Comme revanche, Margaret ne se privera pas de partager avec sa sœur les rumeurs qu’elle entend lors des dîners sur les potentielles infidélités de Philip.
On le voit, que ce soit à titre privé ou politique, les premières années du règne d’Elisabeth II se feront dans la douleur et l’affrontement alors même que la Reine n’a techniquement rien à faire.
Comme le montre la série, elle passe ses journées dans ses différents palais, fatiguée de sa propre procrastination. Les dîners officiels l’ennuient tout autant que les voyages dans le Commonwealth. Pire que tout, Elisabeth, pourtant encore jeune en 1964 (fin de la saison 2) se voit comme une vieille femme.
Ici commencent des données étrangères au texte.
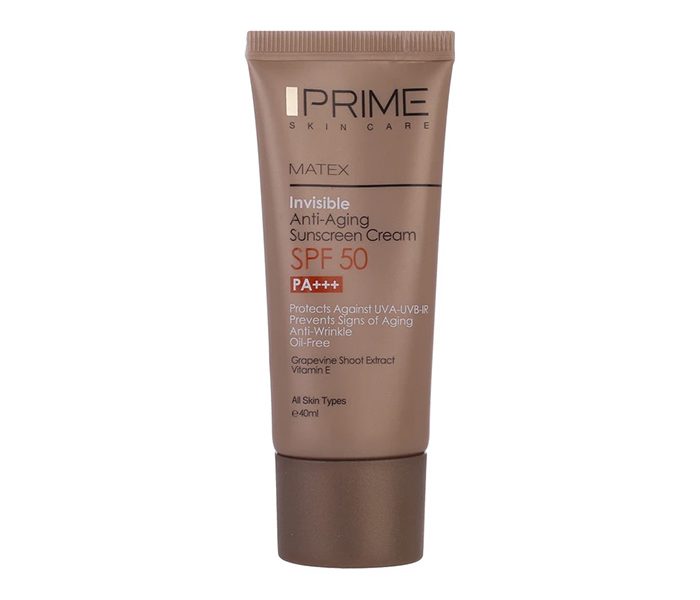 کرم ضد آفتاب جوان کننده بی رنگ پریم با SPF50 حجم 40 میلی لیتر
Elle est même jalouse de l’attention qui entoure Jacqueline Kennedy, la star du moment.
Les seuls moments où elle semble respirer c’est dans la nature de Balmoral.
Si The Crown nous apprend quelque chose c’est qu’être Reine est loin d’être aussi glamour qu’on le pense.
Il y a décidément quelque chose de triste au royaume des Windsor que le regard nostalgique de Claire Foy rend à merveille.
La Reine Claire Foy est mort, vive la Reine Olivia Coleman !
For the better of worse, the crown has landed on my head
The trouble is, I have the sort of face that if I stop smiling, everyone says ‘Isn’t she cross!
Yes, i am Queen. But I am also a woman… and a wife
It is not my job to govern. But it is my job to ensure proper governance.
My Lords, I hereby declare my will and pleasure that I and my children shall be styled and known as the House and Family of Windsor. And that my descendants, other than female descendants who marry, and their descendants, shall bear the name of Windsor.